The Federal Reserve has approved several rule changes to help consumers. The rules will take effect in July of 2010. They will:

  • Forbid banks from imposing interest charges using the two cycle billing method
  • Stop unexpected interest charges, including rate increases during first year
  • Require that consumers have a reasonable time to make payments
  • Prohibit use of payment allocation methods that maximize interest charges
  • Keeping banks from increasing interest rates on closed accounts

Banks, even as they come under scrutiny By Congress and the Obama White House for their lending practices, won't be hurt all that much by the credit losses, says Sand.

"The debt is mostly concentrated in a few big lenders," Sand says. "These are the big banks, Citi, Bank of America, JP Morgan. The phrase 'too big to fail' applies in this case."

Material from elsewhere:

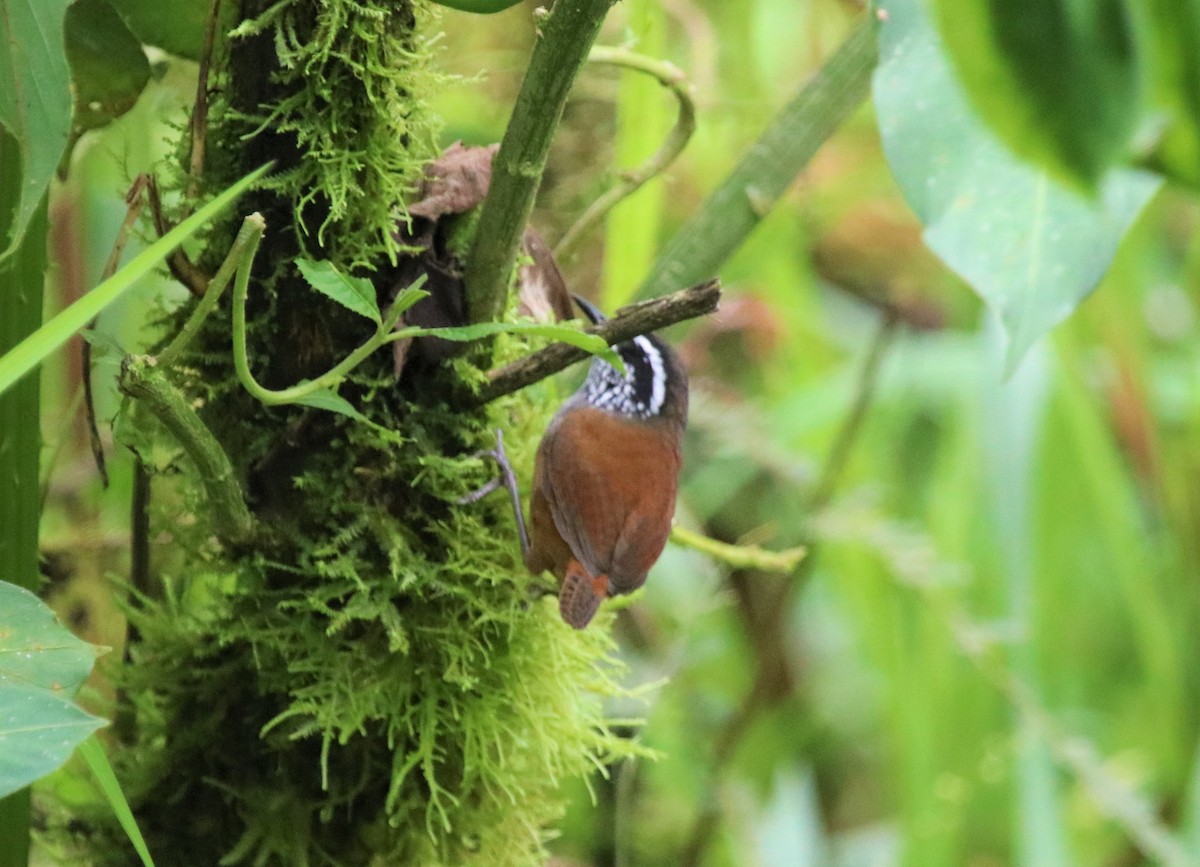 Gray-breasted Wood-Wren - ML511519281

"Even if ten percent of the $955 billion in credit card debt defaults, it's not the same as what happened on the mortgage front," says Bankrate's McBride. "There won't be a big impact on the banks and the economy."

"I don't believe it's a crisis," says Garrett. "The concern is about the economy and the effect down to consumers who have to pay their credit card debt. But it's not a crisis."

But if anyone thinks a trend to cut down on credit card spending is permanent, they would be wrong says Fitch's Michael Dean. "Using credit cards has become a fabric of behavior," Dean says. "After all the economy returns we expect use to be about the same."

And that could be a problem, says Garrett.

"I think our entire economy has taken on too much debt, from consumers to the government," Garrett says. "I'm not being an apologist for easy credit but people spend the money when they probably shouldn't. We've stopped asking the question do I need this. Instead we ask do I want this."